Latar
Belakang Filsafat Pendidikan
1.
Pengertian Filsafat
Kata
filsafat berasal dari bahasa Yunani yang terdiri dari dua kata philos yang
berarti cinta atau suka, dan sophia berarti pengetahuan atau kebenaran. Maka
philosophia adalah cinta pada pengetahuan/kebijakan/kebenaran. Sehingga kajian
dari filsafat adalah alam pikiran atau alam berpikir untuk menggali kebenaran
atau menggali hakekat sesuatu.
Definisi
yang lebih lengkap dari filsafat adalah ilmu tentang prinsip, ilmu yang
mempelajari dengan mempertanyakan secara radikal segala ralitas melalui
sebab-sebab terakhir, melalui asas-asasnya guna memperoleh pandangan (insight)
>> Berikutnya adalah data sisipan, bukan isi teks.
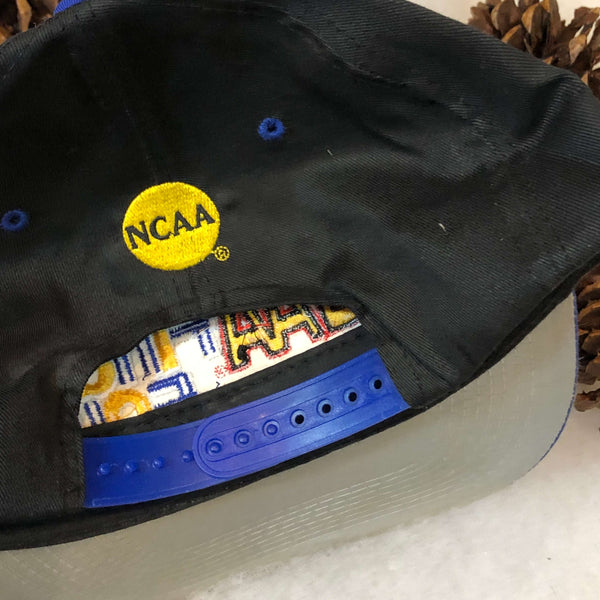 Vintage 1997 NCAA Final Four Indianapolis Logo 7 Twill Snapback Hat
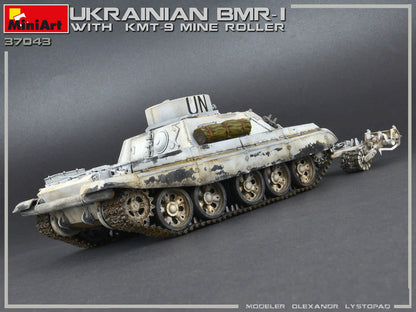 1/35 MiniArt - Ukranian BMR-1 w/KMT-9 37043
yang tepat mengenai realitas (W. Poespoprodjo, 1999). Definisi lain menyatakan
bahwa berfilsafat merupakan kegiatan berpikir manusia yang berusaha untuk
mencapai kebijakan dan kearifan. Filsafat berusaha merenungkan dan membuat
garis besar dari masalah-masalah dan peristiwa-peristiwa yang pelik dari
pengalaman umat manusia. Dengan kata lain filsafat sampai kepada merangkum (sinopsis)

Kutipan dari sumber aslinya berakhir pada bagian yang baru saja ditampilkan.